GRADE RC Transfer Overview

The GRADE Reading Center transfer infrastructure allows for an external user to transfer files to GRADE RC specific buckets in our ACE Prod infrastructure.

Note that this is for the HONU Imaging Data Ingestion project.

The infrastructure consists of three main AWS resources.

  • AWS Transfer
  • AWS Cognito
  • AWS s3

AWS Transfer is an SFTP server hosted by AWS that facilitates transfers to s3. Note that an additional dependency in this is a file transfer tool such as rclone is also needed to run cli commands to perform the transfers.

AWS Cognito is an authentication, authorization, and user management resource enables us to create accounts for external users to access internal AWS resources.

We have one s3 bucket set aside to receive files - grade-rc-bucket-staging.

AWS Transfer

The server endpoint is: s-b92e2a6b98e44b198.server.transfer.us-west-2.amazonaws.com

This server is configured for SFTP connections with three AZ’s and subnets and is publically accessible. We have IAM roles and policies to limit who can access the server along with Cognito authentication to limit what external user’s can access it.

Note that for a user to access the SFTP server, a local user must be created by the admin.

How to create a User

  1. Log into the AWS Console and make sure you’re in the right us-west-2 region
  2. Search for AWS Transfer in the search bar
  3. Select the Servers link in the left hand menu bar
  4. You should see the server id - s-b92e2a6b98e44b198
  5. Select it and scroll down to the Users section.
  6. Note the already created list of users.
  7. Click the Add User button to create a new user.
  8. Enter a new user
  9. Select the role - grade-rc_transfer-s3-role for the user. This allows the local account and AWS transfer service to have access to the GRADE RC s3 bucket
  10. Please note that a RSA public/private keypair is also needed. Please add the public key to the new user you are creating for the transfer server.
  11. Click Add when you are complete.

The user should now have passwordless access to the sftp server at the endpoint url noted above.

AWS Transfer Logs

Logs can be found in the /aws/transfer/s-b92e2a6b98e44b198 Log group under CloudWatch.

AWS Cognito

The Cognito component consists of a User Pool and and Identity Pool.

User Pool

User Pool Name: grade-rc_s3_user_pool

User pools are specifically for authentication (identity verification).

This user pool is where we onboard new users for access to the S3 buckets. We also define an app client - grade-rc_s3_transfer.
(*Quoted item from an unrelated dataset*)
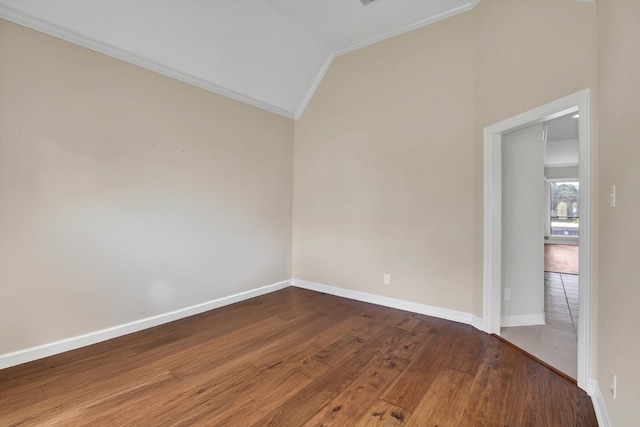 unfurnished room with ornamental molding, hardwood / wood-style floors, and vaulted ceiling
This app is an entity within a user pool that has permission to call unauthenticated API operations as defined by AWS.

To access the Identity Pool

  1. Log into the AWS Console and make sure you’re in the right us-west-2 region
  2. Search for Cognito
  3. Click the Manage User Pools button
  4. Select the User pool - grade-rc_s3_id_pool

You should be able to update the configuration settings for the user pool by just selecting the pool and making the configuration changes directly.

Identity Pool

Identity Pool name: grade-rc_s3_id_pool

Identity pools are specifically for authorization (access control).

The identity pool is where we link our application, in this case the transfer of files to S3 to our authenticated users from the user pool.
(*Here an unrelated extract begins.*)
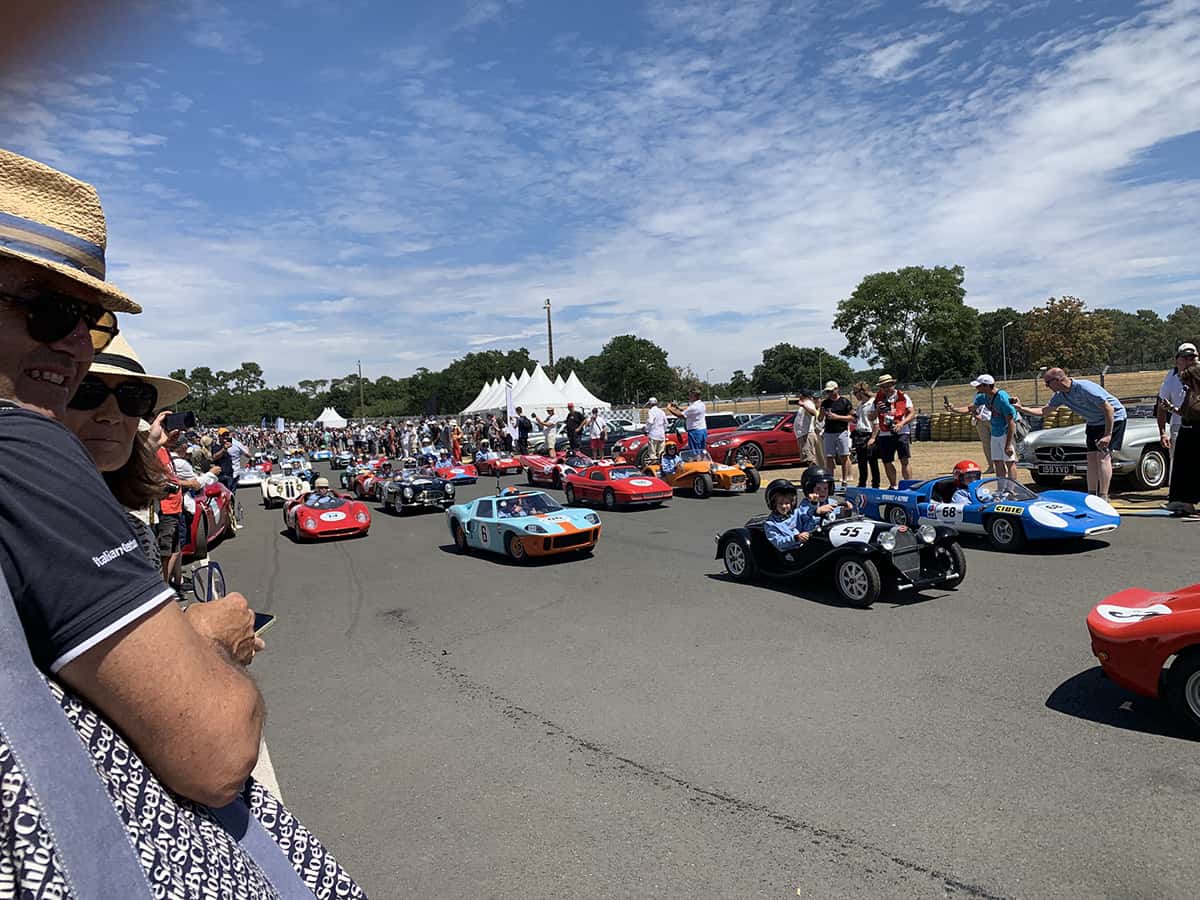 Parade Little Big Mans : enfants pilotant répliques miniatures sur le circuit Bugatti, foule de spectateurs.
To access the Identity Pool

  1. Log into the AWS Console and make sure you’re in the right us-west-2 region
  2. Search for Cognito
  3. Click the Manage Identity Pools button
  4. Select the Identity pool - grade-rc_s3_id_pool
  5. Click the Edit identity pool link in the upper left of the page.

Note that this identity pool is configured with the user pool id from above and the client app id from the user pool as well.

AWS S3 buckets

Files for GRADE RC will be transferred to the bucket - grade-rc-bucket-staging. Additional buckets can be added where needed.

Bash scripts for automating Cognito signup and authentication

We have also provided users with 2 bash scripts.

  • One script for signup and authentication into Cognito.
  • The other script after the user has been on-boarded, which is for authenticating the user and automating transfers into our Grade RC bucket.